PROBLEM DETAILS:
Among the records below, find the line with "this 1080×675 image." and the line with "this 702×395 image.". Set down both and every line between, exactly and with no pictures, but nothing else.

EXTRACTED DATA:
BEGIN
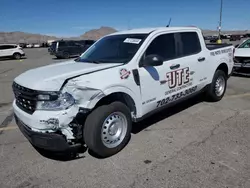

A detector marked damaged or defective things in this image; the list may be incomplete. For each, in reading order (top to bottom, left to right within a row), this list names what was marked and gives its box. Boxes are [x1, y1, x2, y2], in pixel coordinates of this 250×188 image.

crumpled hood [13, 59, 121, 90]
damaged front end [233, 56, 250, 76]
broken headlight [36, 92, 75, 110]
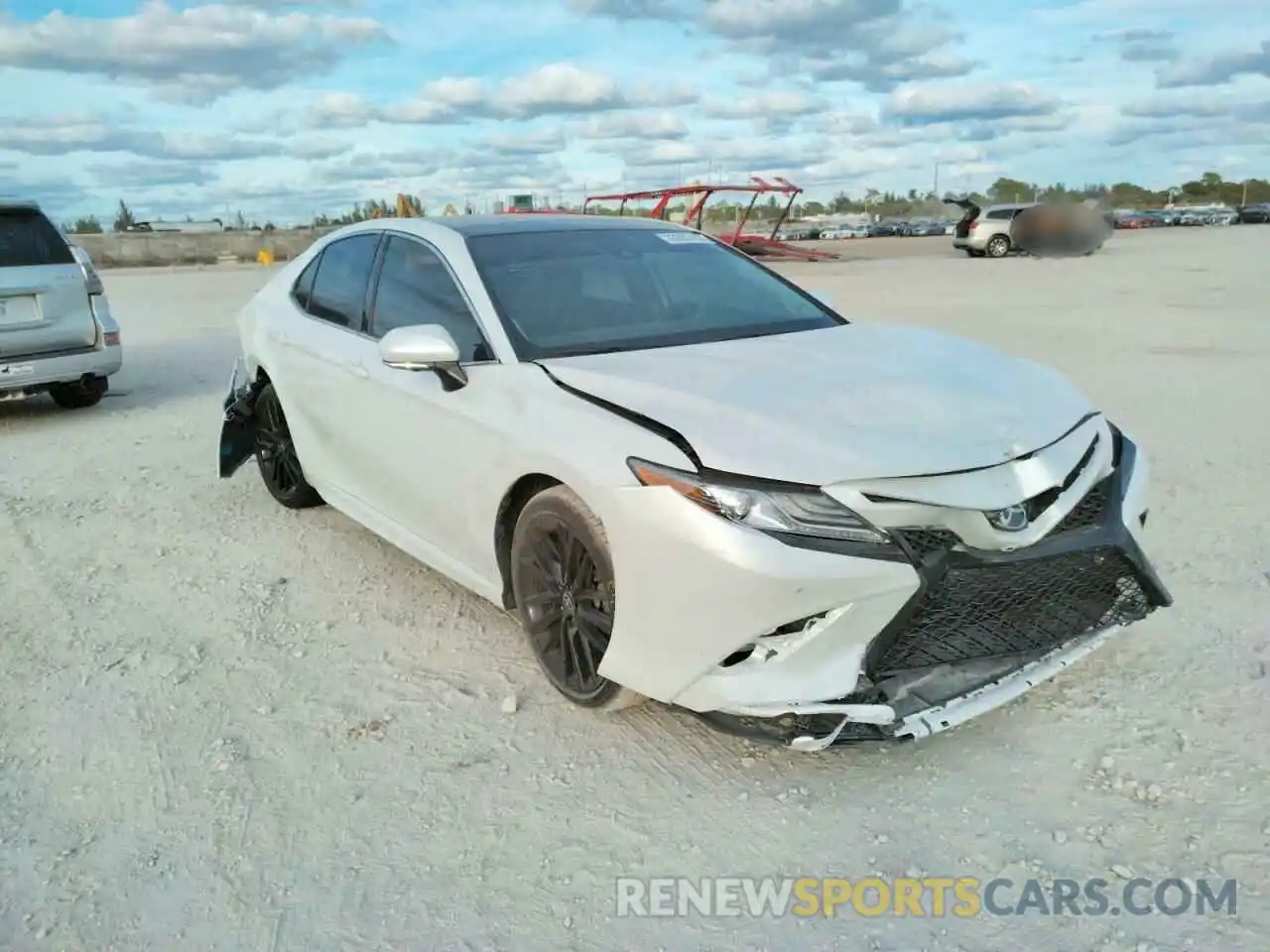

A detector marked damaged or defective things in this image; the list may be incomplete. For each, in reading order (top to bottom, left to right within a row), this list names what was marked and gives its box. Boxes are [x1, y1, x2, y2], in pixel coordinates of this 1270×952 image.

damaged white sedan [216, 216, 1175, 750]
END
BEGIN
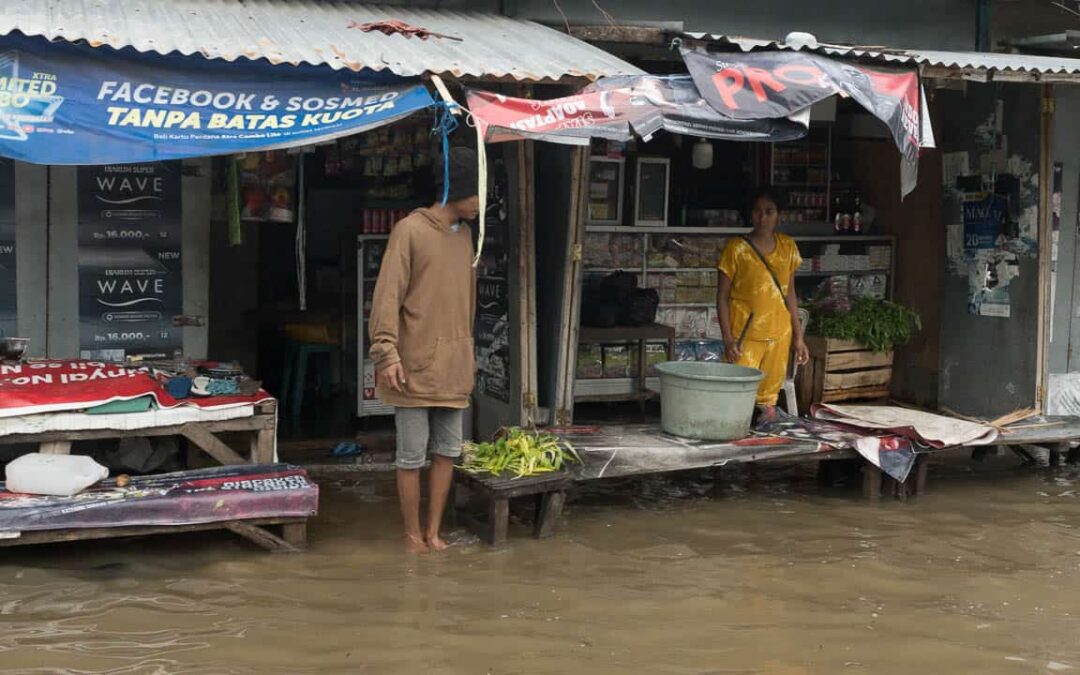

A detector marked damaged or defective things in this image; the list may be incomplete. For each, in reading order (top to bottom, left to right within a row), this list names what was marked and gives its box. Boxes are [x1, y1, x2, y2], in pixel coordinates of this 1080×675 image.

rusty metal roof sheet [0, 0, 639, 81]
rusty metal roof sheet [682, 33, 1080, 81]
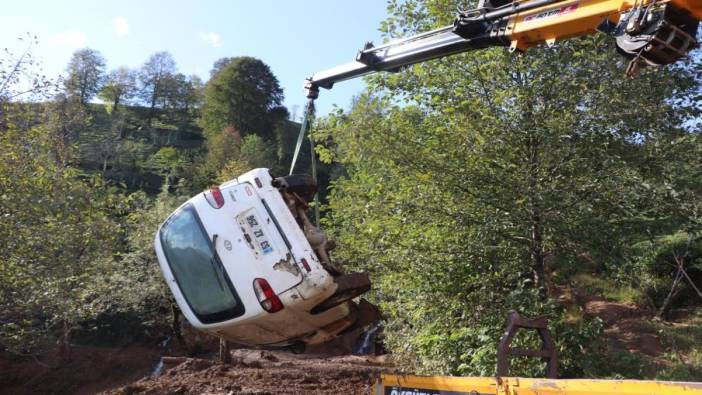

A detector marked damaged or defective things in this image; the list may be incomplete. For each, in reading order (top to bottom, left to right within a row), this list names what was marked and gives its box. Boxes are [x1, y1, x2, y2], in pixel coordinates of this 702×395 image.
END
EXERCISE RESPONSE:
A detector marked damaged or defective things in this image; the list may be incomplete. For each, in reading order (top to bottom, left to right within a row), this list names what was marked and gives its box. Boxes are [x1, y1, x2, y2], in pixel coordinates of this 1080×675 image.

rusty metal roof sheet [0, 0, 639, 81]
rusty metal roof sheet [682, 33, 1080, 81]

A detector marked damaged or defective things in this image; the list may be incomplete. For each, in reading order (top to bottom, left to right within a row), this list names what was marked and gives its box. Boxes are [x1, y1, x2, y2], in pixel coordinates of this 702×395 image.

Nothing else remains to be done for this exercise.